WASHINGTON (Reuters) - Democrats will make President Barack Obama’s $180 billion proposal to spur the economy and create jobs a top priority if they keep control of the House of Representatives on November 2, a party leader told the Reuters Washington Summit on Wednesday.
Chris Van Hollen, head of the Democratic campaign effort in the House, predicted Democrats would retain a House majority in the elections and renew their focus on job growth.
“There are a number of items on the agenda, and our focus will continue to be on moving the economy forward and jobs,” Van Hollen said, adding that Obama’s proposed infrastructure investment and business tax breaks would be fully paid for and would not add to the annual deficit of nearly $1.5 trillion.
“People are going to have to make some difficult decisions,” he said. “At the end of the day the deficit matters.”
Obama’s 10-year proposal includes tax write-offs for businesses, funding for infrastructure improvements and a tax credit for business research and development.
Van Hollen said Obama’s proposal for an infrastructure bank to finance improvement projects should be extended to the clean energy sector.
“There is a whole lot of capital on the sidelines that would be invested in more clean energy projects if we did more in the way of not just loan guarantees but low interest loans,” he said.
“China and some of these other countries are cleaning our clock when it comes to clean energy. This is a strategic decision we should make as a country.”
Republicans have been skeptical of Obama’s proposals, saying they are reluctant to back more spending after the $814 economic stimulus passed last year failed to spark a drop in unemployment.

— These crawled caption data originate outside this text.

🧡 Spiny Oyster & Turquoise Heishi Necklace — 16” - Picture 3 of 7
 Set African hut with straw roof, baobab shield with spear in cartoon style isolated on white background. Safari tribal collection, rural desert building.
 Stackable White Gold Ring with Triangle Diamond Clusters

Van Hollen questioned the Republican commitment to deficit reduction, however, given their support for extending expiring tax breaks for the wealthiest Americans that would cost $700 billion over 10 years.
“These guys want to add 700 billion to the deficit,” he said. Obama and Democrats have pushed a plan to extend tax cuts to those families making less than $250,000 a year while letting the lower rate for the wealthiest Americans expire.
Van Hollen acknowledged the difficult political environment for Democrats, who are struggling against a tide of voter unhappiness with Obama’s agenda, the stuttering economy and persistent high unemployment.
Republicans are threatening to seize control of the House and perhaps even the Senate in November’s elections, a switch that would slam the brakes on Obama’s agenda.
But Van Hollen said Democrats will retain a majority in the House as voters learn more about the Republican agenda, which he said was the same as the policies of former President George W. Bush.
“I think we’re going to discover that whatever serious plans they put out on an agenda are a Xerox copy of Bush’s economic agenda,” he said of the plan by House Republicans to unveil their legislative agenda on Thursday. “I think it’s going to be the Bush economic agenda on steroids.”